Assignment. Wherever an image appears in the data, omit it and copy all the remaining text word for word.

Data below.
********************
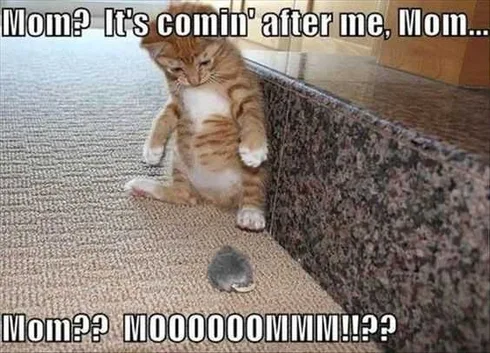 Funny Cat Mouse Coming After Me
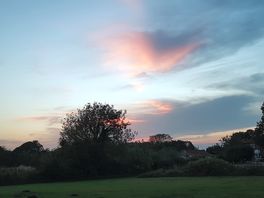 Evening view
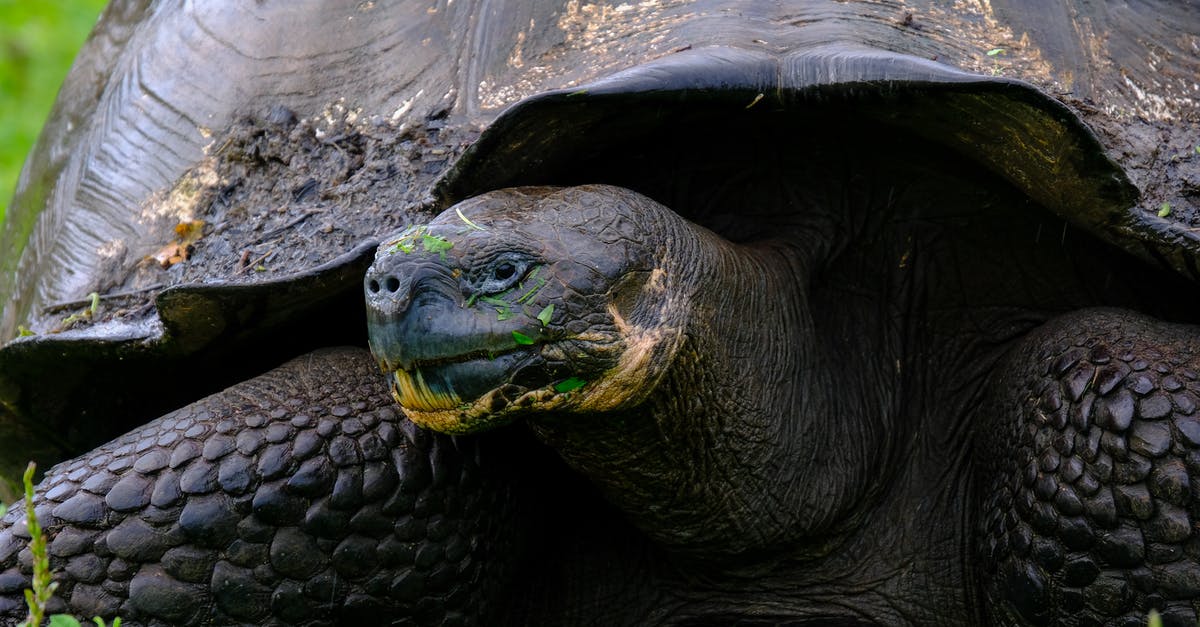 How to properly slow cook lamb's head? - Black Tortoise In Close-up Photography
********************
Solution to the exercise.
 Funny Cat Mouse Coming After Me
 Evening view
 How to properly slow cook lamb's head? - Black Tortoise In Close-up Photography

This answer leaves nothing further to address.